Advertised Speed Modes: Silent Ignorance
The Linux and ESXi variants of VECT boast command-line flags like --fast, --medium, and --secure, supposedly allowing operators to tune encryption speed. In reality, these flags are parsed and then silently ignored. Every execution applies identical hardcoded thresholds, regardless of the operator's selection. This not only misleads attackers but also suggests a lack of development rigor.
Three Platforms, One Flawed Engine
Despite targeting Windows, Linux, and ESXi, all three variants of VECT share an identical encryption design built on libsodium. The same file-size thresholds, the same four-chunk logic, and the same nonce-handling flaw appear across every platform.
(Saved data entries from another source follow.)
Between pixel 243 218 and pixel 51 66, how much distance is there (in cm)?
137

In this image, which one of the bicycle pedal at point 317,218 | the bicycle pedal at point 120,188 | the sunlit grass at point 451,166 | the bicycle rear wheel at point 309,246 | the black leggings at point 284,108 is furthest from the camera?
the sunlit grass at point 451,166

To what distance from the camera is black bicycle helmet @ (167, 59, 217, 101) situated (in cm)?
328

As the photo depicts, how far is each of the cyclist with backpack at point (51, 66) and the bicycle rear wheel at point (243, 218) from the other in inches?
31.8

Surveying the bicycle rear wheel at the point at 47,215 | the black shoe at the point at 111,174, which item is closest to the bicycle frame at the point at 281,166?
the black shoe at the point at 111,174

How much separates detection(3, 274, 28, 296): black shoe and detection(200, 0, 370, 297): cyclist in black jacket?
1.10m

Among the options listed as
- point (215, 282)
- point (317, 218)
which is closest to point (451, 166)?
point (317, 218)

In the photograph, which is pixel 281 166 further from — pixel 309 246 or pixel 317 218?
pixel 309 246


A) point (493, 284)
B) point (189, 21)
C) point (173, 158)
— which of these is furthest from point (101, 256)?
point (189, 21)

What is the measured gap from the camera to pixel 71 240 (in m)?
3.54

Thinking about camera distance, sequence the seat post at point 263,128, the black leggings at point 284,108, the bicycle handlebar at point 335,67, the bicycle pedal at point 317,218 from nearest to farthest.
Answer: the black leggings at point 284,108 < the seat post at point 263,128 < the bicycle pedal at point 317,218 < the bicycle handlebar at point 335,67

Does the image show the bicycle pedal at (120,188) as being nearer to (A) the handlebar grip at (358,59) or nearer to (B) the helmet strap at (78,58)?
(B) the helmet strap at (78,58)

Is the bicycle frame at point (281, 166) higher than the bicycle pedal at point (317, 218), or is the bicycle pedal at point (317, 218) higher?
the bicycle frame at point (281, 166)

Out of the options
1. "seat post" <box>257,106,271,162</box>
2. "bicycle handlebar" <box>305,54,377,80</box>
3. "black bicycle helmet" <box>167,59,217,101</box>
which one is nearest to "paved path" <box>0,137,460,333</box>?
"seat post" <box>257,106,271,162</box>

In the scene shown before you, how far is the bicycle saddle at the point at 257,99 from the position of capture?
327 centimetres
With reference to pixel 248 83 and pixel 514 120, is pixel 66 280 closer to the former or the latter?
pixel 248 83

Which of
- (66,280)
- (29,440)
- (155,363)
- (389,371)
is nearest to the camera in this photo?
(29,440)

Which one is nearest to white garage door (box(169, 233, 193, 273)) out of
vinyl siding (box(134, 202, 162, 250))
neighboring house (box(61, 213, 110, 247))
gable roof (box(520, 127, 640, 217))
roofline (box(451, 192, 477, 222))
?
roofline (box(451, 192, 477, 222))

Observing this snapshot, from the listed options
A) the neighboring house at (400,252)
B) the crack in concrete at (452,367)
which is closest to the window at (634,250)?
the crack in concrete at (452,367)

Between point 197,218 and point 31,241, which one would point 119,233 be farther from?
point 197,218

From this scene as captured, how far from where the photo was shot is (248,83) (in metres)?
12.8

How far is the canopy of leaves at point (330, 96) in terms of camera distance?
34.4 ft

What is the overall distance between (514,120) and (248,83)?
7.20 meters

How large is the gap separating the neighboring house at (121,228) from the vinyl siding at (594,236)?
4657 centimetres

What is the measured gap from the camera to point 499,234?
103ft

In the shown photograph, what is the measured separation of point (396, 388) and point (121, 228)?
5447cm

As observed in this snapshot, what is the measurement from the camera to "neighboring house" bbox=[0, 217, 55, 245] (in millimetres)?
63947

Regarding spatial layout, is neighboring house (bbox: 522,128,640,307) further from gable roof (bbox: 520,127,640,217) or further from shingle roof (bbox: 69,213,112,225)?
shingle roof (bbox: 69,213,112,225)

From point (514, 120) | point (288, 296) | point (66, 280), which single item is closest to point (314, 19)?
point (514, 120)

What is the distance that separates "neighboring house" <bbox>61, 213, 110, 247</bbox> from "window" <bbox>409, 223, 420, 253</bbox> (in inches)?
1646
This confirms a single codebase ported across environments, making the flaw universal and increasing the potential damage scope.

Professional Facade, Amateur Execution
Beyond the nonce flaw, CPR identified a litany of additional bugs and design failures. These include self-cancelling string obfuscation, which inadvertently neutralizes its own protective measures, and permanently unreachable anti-analysis code that never executes. Even the thread scheduler, intended to improve encryption performance, degrades it instead. These issues paint a picture of a group that appears professional on the surface but lacks the internal quality control to deliver a functional product.
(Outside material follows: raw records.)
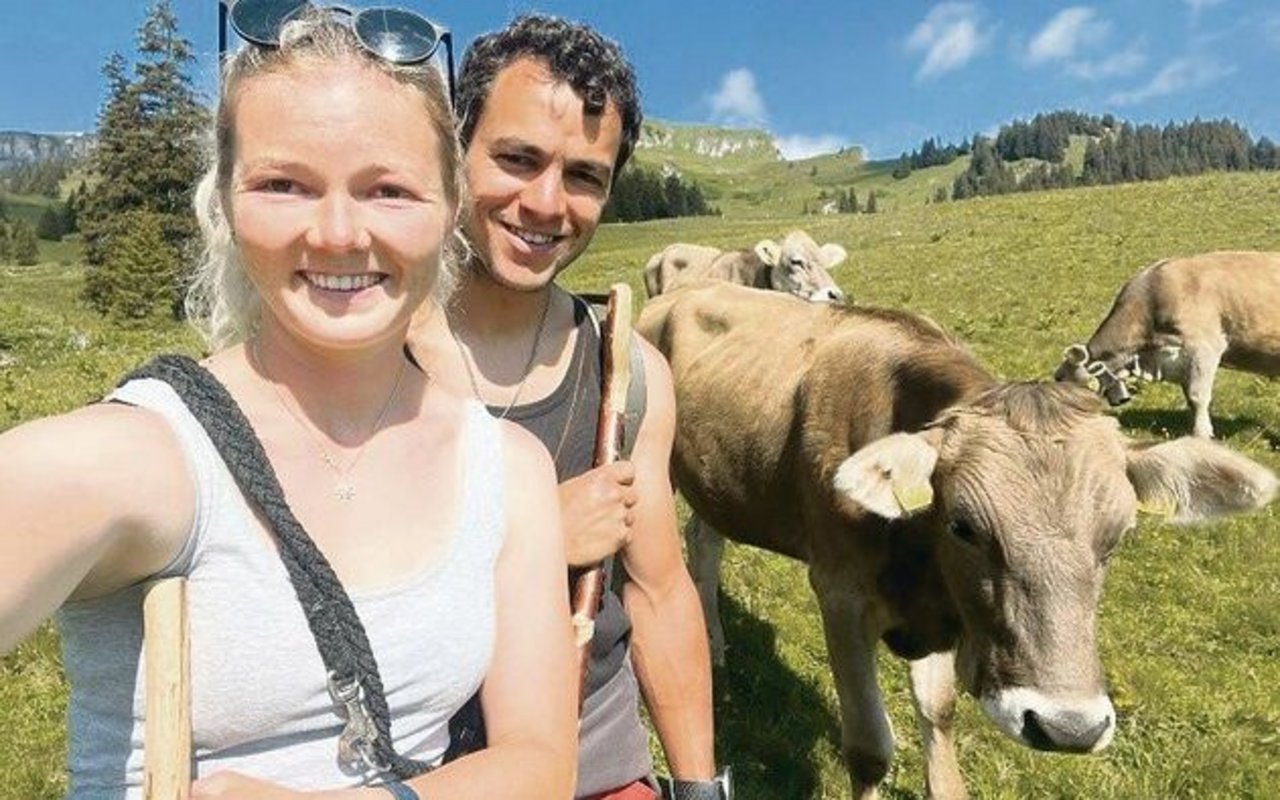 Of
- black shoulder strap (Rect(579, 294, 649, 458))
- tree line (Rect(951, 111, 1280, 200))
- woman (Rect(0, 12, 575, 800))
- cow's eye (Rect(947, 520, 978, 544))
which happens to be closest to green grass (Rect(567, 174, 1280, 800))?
cow's eye (Rect(947, 520, 978, 544))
Background: The VECT Ransomware Group and Their Partnerships
VECT first appeared in December 2025 on a Russian-language cybercrime forum as a Ransomware-as-a-Service (RaaS) program. After claiming its first two victims in January 2026, the group reemerged in the public eye through a partnership with TeamPCP, a threat actor behind several supply-chain attacks in March 2026. These attacks injected malware into popular software packages such as Trivy, Checkmarx's KICS, LiteLLM, and Telnyx, affecting a broad downstream consumer base.
Shortly after those attacks made headlines, VECT announced the partnership on BreachForums, aiming to target companies already compromised by TeamPCP's supply-chain campaign. In a separate announcement, VECT also partnered with BreachForums itself, promising that every registered forum user would become an affiliate, gaining access to the ransomware, negotiation platform, and leak site. This unconventional approach aimed to democratize ransomware operations but has now been undercut by the discovery that VECT's tool is fundamentally broken.
Conclusion
The VECT ransomware serves as a cautionary tale: even in the shadowy world of cybercrime, quality matters. The encryption flaw that turns VECT into a wiper, the misidentified cipher, the unimplemented features, and the multiple bugs all point to a group that rushed to market without rigorous testing. For defenders, this means that any victim of VECT should treat their data as irrecoverable and focus on backups and incident response rather than ransom payment. As the VECT group's partnerships continue to evolve, the cybersecurity community must remain vigilant—and aware that not all ransomware is what it appears to be.